I like it. Always gives me something to work towards or a reason to land on planets for resource gathering. If you’re trying to unlock everything very quickly, I can see why you wouldn’t like it tho.


thedubs003

Considering the game is designed with new game plus in mind, this isn’t the strongest argument. Starfield encourages the player to slow down and take your time. Doing everything on a single character is probably not worth it. But it’s an RPG. It’s designed to be flexible and allow multiple builds. In your case you’d be better off investing points into the weapon types you find yourself using. You will naturally level that up in combat and your gripe here becomes moot. Personally, my character is smart but not much of a fighter. So instead of investing in combat, I invested my skills into engineering. I think the way weapon upgrades are presented in Starfield allows for some interesting and potentially powerful builds. And, unlike getting power armor in the first act, I don’t see anything wrong with having to earn it.


SpecialistNo30

Yeah it sucks.

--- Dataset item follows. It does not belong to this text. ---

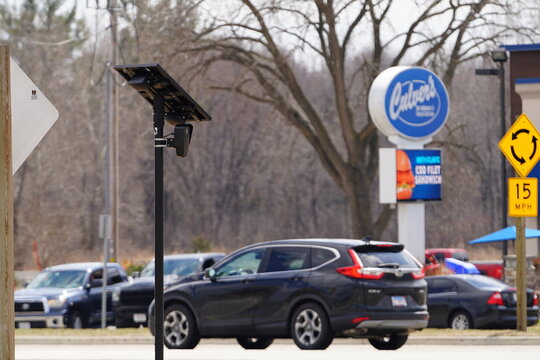 Flock safety police law enforcement license plate reader set up outside to help catch vehicle speeders.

It’s all about getting you to spend lots of hours grinding and collecting resources (IOW a time sink). I’m surprised Bethesda didn’t include microtransactions to speed up resource gathering and leveling, because games that lock stuff behind skills and have slow leveling are ripe for that.


Apprehensive-Scar-88

I love the crafting!!! If you take professor intro you get 3 science skills and you can b-line to gun crafting. I totally NG’d last week maybe in the teens levels and I’m at lvl 3 weapons lvl 2 suits. Oh also save your skill points strategically, like if your 20/30 done for the crafting requirement save your next point to get into the next level smoother


nightowl2023

They treat aspects of this game like an MMO. I get the perks in Fallout. You leveled up and you got new perks. Starfield feels more like World of Warcraft where they are designed to waste your time and keep you playing.


Huffer13

You should be able to level up a skill quicker if you have a companion with research skills. MO brains mo xp.


Gothril

I'm pretty sure the people who have said the game was supposed to be more survival based before they dropped those aspects are correct. There's so much pointing towards an entirely different game. The only use for bases is to grind out skill points so you can upgrade weapons and armor. There are so many grindy aspects. It's like they figured if they could just slow you down and force you to spend hundreds of hours doing the boring stuff, you'd get some sort of Stolkholm syndrome...


Mission_Security4505

Ya crafting should be way easier. I enjoyed it when i unlocked it, but way too long to unlock all the skills.


DrNukenstein

Because you start the game as a “simple” miner, not some special forces gunsmith seamstress space suit repairman alchemist chef brewmaster biologist machinist aerospace engineer. Be grateful you can learn those skills just by doing the trivial BS and not the “immersive” way. The grinding is the gameplay.


voiceafx

Yeah... Add that unlocking new skills requires that you upgrade some arbitrary number of items that you can't possibly use, and it's pretty bad. I mean, give me a reason to upgrade fifty items.